La veille, je m’étais pourtant bien assuré que cette proche bâtisse, dont j’avais omis de vous mentionner, demeurait inoccupée. Sa façade donnant sur une autre rue, se composait de volets éternellement clos autant que d’épaisses lianes, ronces et autres végétaux obstruant complètement l’accès au portail extérieur, lui recouvert de chaînes cadenassées. Tous les symptômes évoqués présentaient ici le caractère d’un pavillon totalement abandonné et oeuvrant seul à son autodestruction. A l’arrière – face au jardin de mes larcins -, cette remarque se confirmait plus notoire puisque nombre de vitres se trouvaient brisées, et une vaste partie de la toiture visible se trouvait colmatée d’une bâche verdie par plusieurs rudes saisons.

 

Quelle poisse !… Quelqu’un logeait ici et venait assurément de constater une bonne séquence de mes activités macabres.

Mes premières réflexions sur ce constat furent promptement orientées sur la conclusion suivante : je suis foutu !…

Comme un gosse dans l’attente d’une punition mérité, immobile, j’inclinais niaisement ma tête vers le sol, puis je la relevais pour désagréablement me rendre compte qu’il ne s’agissait pas d’une vision.
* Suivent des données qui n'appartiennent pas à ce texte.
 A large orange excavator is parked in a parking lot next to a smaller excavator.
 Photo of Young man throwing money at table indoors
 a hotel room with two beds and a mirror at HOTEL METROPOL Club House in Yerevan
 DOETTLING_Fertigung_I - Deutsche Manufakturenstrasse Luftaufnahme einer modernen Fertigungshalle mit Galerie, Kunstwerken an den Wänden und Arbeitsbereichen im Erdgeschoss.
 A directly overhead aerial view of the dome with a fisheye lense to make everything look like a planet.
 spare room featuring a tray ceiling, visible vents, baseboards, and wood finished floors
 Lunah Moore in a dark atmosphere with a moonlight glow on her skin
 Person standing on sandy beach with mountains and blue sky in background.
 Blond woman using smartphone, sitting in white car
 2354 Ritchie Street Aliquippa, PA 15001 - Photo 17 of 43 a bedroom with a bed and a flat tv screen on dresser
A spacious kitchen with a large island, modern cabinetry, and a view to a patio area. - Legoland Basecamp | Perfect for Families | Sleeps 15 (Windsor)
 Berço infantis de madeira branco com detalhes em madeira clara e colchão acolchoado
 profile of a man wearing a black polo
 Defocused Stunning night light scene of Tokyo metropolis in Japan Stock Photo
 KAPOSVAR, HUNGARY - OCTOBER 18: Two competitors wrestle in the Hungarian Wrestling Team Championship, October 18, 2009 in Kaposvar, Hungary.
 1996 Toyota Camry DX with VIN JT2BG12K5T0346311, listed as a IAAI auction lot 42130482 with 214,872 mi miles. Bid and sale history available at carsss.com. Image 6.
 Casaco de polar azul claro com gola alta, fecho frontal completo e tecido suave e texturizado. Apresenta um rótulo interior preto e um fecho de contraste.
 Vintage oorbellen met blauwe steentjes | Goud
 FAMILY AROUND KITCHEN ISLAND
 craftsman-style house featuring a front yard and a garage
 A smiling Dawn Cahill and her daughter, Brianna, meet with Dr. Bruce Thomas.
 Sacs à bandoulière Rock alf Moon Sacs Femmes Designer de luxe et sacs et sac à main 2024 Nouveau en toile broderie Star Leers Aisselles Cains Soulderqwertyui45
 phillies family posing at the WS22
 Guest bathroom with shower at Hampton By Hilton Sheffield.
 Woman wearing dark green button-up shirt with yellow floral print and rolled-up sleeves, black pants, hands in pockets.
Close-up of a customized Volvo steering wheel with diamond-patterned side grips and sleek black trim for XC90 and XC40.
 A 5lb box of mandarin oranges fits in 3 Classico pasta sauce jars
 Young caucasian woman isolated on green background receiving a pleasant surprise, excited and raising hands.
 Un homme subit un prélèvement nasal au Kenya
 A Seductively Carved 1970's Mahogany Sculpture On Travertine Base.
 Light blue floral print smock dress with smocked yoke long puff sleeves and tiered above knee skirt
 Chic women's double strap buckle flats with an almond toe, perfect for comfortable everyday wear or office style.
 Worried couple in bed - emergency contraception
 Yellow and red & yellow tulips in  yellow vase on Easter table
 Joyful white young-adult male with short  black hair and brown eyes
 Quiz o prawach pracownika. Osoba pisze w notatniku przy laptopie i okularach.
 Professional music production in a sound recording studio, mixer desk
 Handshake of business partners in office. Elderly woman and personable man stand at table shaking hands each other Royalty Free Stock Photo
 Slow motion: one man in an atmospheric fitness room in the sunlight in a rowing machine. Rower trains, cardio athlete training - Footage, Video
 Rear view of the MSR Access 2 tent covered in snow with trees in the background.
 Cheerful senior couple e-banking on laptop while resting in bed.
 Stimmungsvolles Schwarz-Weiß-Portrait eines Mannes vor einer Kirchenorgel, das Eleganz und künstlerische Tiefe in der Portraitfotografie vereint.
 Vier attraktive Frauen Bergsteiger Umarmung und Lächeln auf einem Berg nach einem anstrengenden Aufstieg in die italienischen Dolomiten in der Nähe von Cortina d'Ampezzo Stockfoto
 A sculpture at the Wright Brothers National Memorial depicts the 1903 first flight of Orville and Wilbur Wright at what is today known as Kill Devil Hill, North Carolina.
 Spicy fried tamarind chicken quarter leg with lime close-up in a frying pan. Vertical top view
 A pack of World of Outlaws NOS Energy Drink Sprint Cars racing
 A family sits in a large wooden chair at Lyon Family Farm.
Un type se mouvait bel et bien à l’étage de cette baraque.

Enfin, quoiqu’il en soit, il demeurait évident que la situation n’avait pas l’aptitude requise à faire une nouvelle connaissance. Filer, restait la résolution la mieux adaptée pour l’heure. Ce que je fis bien entendu, et sans laisser d’adresse.

Par la suite, j’aurais pu supposer mille options apaisantes, par exemple et tout simplement que mon indésirable spectateur fut myope, qu’il n’ait remarqué seulement ma présence et non le reste, ou encore qu’il ne soit que de passage dans cette maison, au mieux qu’il s’y trouvait par effraction, mais ma nature bileuse en exigeait plus que cela pour s’estomper et, profilant l’avenir au plus noir, je dus reconnaître son évidence afin d’en extraire les inédites prises de conscience à matérialiser dans l’urgence.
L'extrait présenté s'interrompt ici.